DA : À moyen terme, j’aimerai arriver sur un poste de directeur de la restauration dans un hôtel. En étant dans la sommellerie avant, puis en salle aujourd’hui, j’apprécie avoir une vision à 360° et globaliser un service. La chance et l’opportunité, tu peux les avoir ; j’espère seulement avoir le niveau pour y prétendre. J’ai encore le temps d’y penser.
Un conseil pour un jeune ?
DA : Les débuts sont assez compliqués, car c’est un nouvel environnement professionnel et culturel. Mais si tu ne lâches rien, tu te démarques rapidement. Se donner les moyens de réussir, c’est le temps. Tu ne peux pas faire tes simples horaires de service. Il faut donner de son temps personnel. Choisir la bonne entreprise, pas forcément étoilée. Il y a de supers formateurs dans des maisons traditionnelles en province ou à Paris.
Sa bio, en dates :
- 1992 : naissance à Toulouse (31)
- 2009 : baccalauréat technologique au lycée hôtelier de Toulouse (31)
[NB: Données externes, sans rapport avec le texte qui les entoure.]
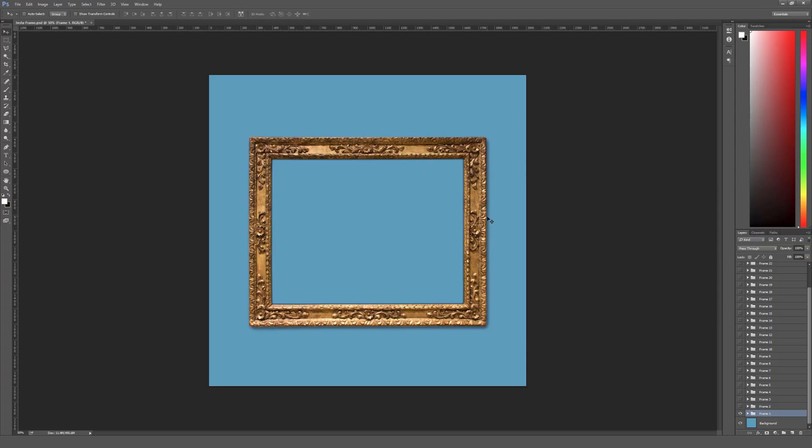This is just a quick overview and how-to for the InstaFrame Photoshop set. This is not Adobe Photoshop Elements friendly, so do be sure you have Adobe Photoshop if you want to use this set.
- 2010 : mention complémentaire sommellerie au CFA de Blagnac (31) ; apprentissage à L’Arôme et le Grain à Labège (31) ; lauréat (sommelier) en binôme du trophée André Daguin
- 2012 : BP sommellerie au lycée Albert Bayet à Tours (37) ; lauréat national des Olympiades des métiers en sommellerie
- 2013 : chef de rang-sommelier au Sur Mesure, Hôtel Mandarin Oriental à Paris (Ier)
- 2014-2015 : assistant chef sommelier, puis chef sommelier à l’Hôtel Le Meurice à Paris (VIIIe)
- 2016 : chef sommelier au restaurant Le 1920, Four Seasons à Megève (74)
- Depuis novembre 2018 : directeur de salle chez Lasserre à Paris (VIIIe)
1 commentaire
Une interview très intéressante notamment sur l’importance d’avoir un mentor.